Nesse tsunami, o Uber tornou-se o maior serviço de transporte privado por aplicativo do Brasil, responsável, segundo um estudo com base em informações da consultoria alemã de análise de dados de aplicativos Prioridata, por 65% do mercado. Com 9 milhões de usuários ativos e 50 000 motoristas, o Brasil é o terceiro maior mercado do Uber no mundo, atrás apenas de Estados Unidos e Índia. São Paulo é a segunda cidade com mais corridas, depois da Cidade do México.
Nesse ritmo, muitos especialistas em transporte já começavam a temer que o Uber estivesse numa rota para se tornar uma força monopolista, com efeitos indesejados, como aumento de preços e queda da qualidade. Até que, em janeiro, a concorrente chinesa Didi Chuxing desembarcou no Brasil. E a briga pelo mercado brasileiro pegou fogo.

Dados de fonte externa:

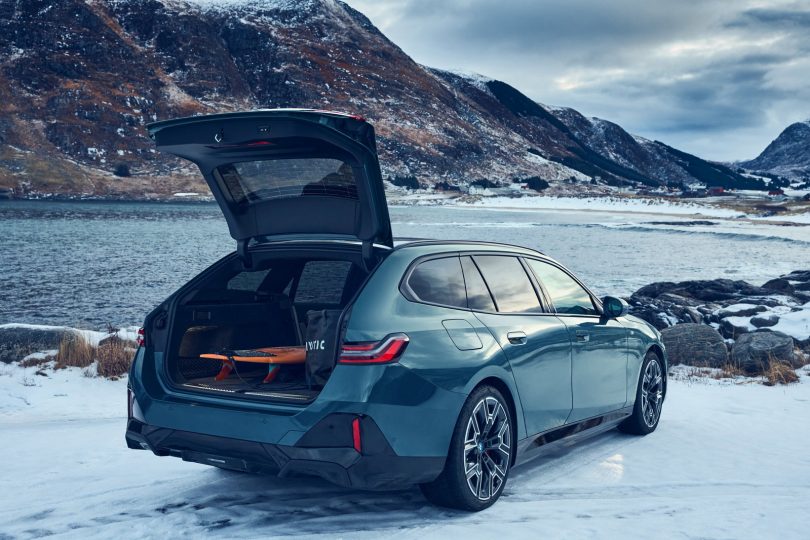 BMW i5 Touring - Mobilsiden.dk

Juntamente com o fundo americano Riverwood, os chineses investiram 100 milhões de dólares em uma fatia minoritária na 99, a líder entre os aplicativos de táxi em todo o país e que também conta, em São Paulo, com um serviço de carros particulares, o 99 Pop, feito à imagem e semelhança do Uber. Para dar uma dimensão da importância do anúncio, vale lembrar que esse é o segundo maior investimento privado já feito em uma empresa de tecnologia brasileira.
A expectativa, de acordo com pessoas próximas à negociação, é que a Didi Chuxing e o Riverwood coloquem mais 100 milhões de dólares ainda neste ano. O dinheiro novo é importante por dois motivos. Viabiliza a expansão da equipe e dos serviços em novos mercados e, ao mesmo tempo, torna um ataque da concorrência via guerra de preços menos provável. No histórico, os chineses contam com o feito de terem encarado a concorrência com o Uber na China e, ao final, terem forçado a saída dos americanos daquele mercado.

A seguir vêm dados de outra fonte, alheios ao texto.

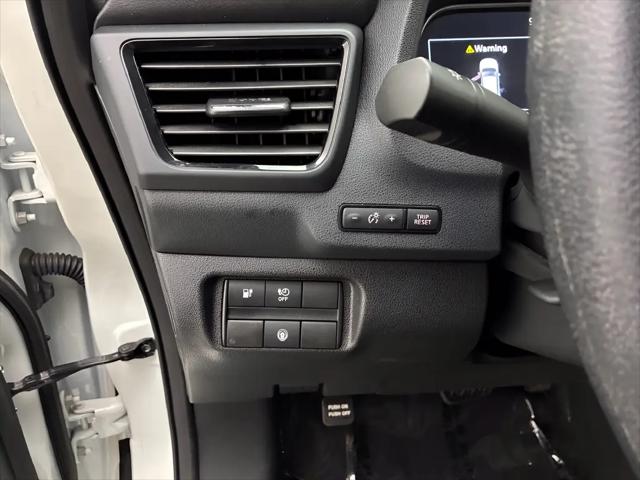 2025 Nissan LEAF S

Em agosto, o Uber vendeu sua operação chinesa para a própria Didi Chuxing em troca de uma participação na empresa e 1 bilhão de dólares em dinheiro. Aqui, ninguém prevê um desfecho igual. O cenário mais esperado é de uma briga ferrenha por fatias de mercado. “Temos uma visão de longo prazo para o Brasil. Não estamos no país por um ou cinco anos. Estamos aqui para ficar, para ajudar a 99”, diz o chinês Kevin Chen, diretor de estratégia da Didi Chuxing e um dos executivos que lideram a expansão internacional.

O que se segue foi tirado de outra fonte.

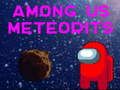 Igra Meteoriti med nami  spletu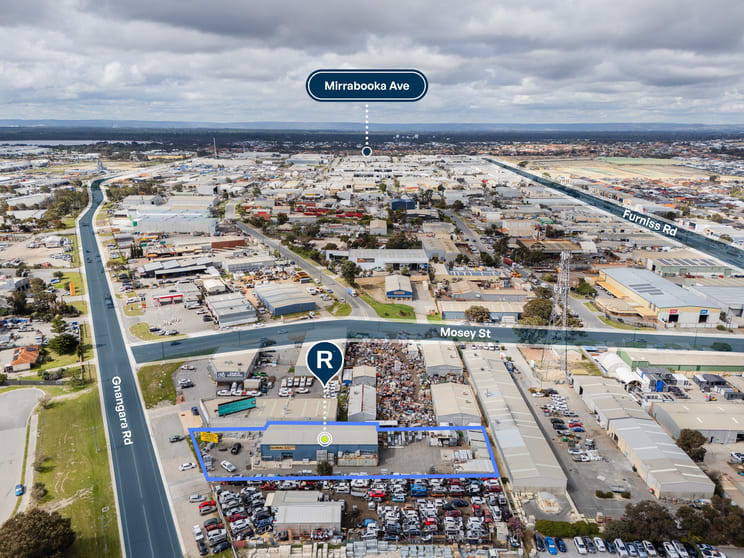 Factory, Warehouse & Industrial commercial property for sale at 208 Gnangara Road Landsdale WA 6065 Factory, Warehouse & Industrial commercial property for sale at 208 Gnangara Road Landsdale WA 6065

Desde 2015, o aplicativo chinês vem investindo nos principais concorrentes do Uber mundo afora, como o americano Lyft, o indiano Ola e o malaio Grab. Conhecidos por encabeçar a aliança anti-Uber no mundo, os chineses querem agora brigar pela liderança na América Latina. No tabuleiro global das empresas, alguns pontos parecem definidos. O Uber, com um valor de mercado de 68 bilhões de dólares, é líder nos Estados Unidos e em outras economias ricas do Ocidente. A Didi Chuxing, com quase 34 bilhões de dólares em valor de mercado, domina na China. No Brasil, a disputa está em aberto. Olhando para o curto prazo, o que está em jogo são os mais de 6 bilhões de dólares por ano gerados por corridas de táxi no Brasil.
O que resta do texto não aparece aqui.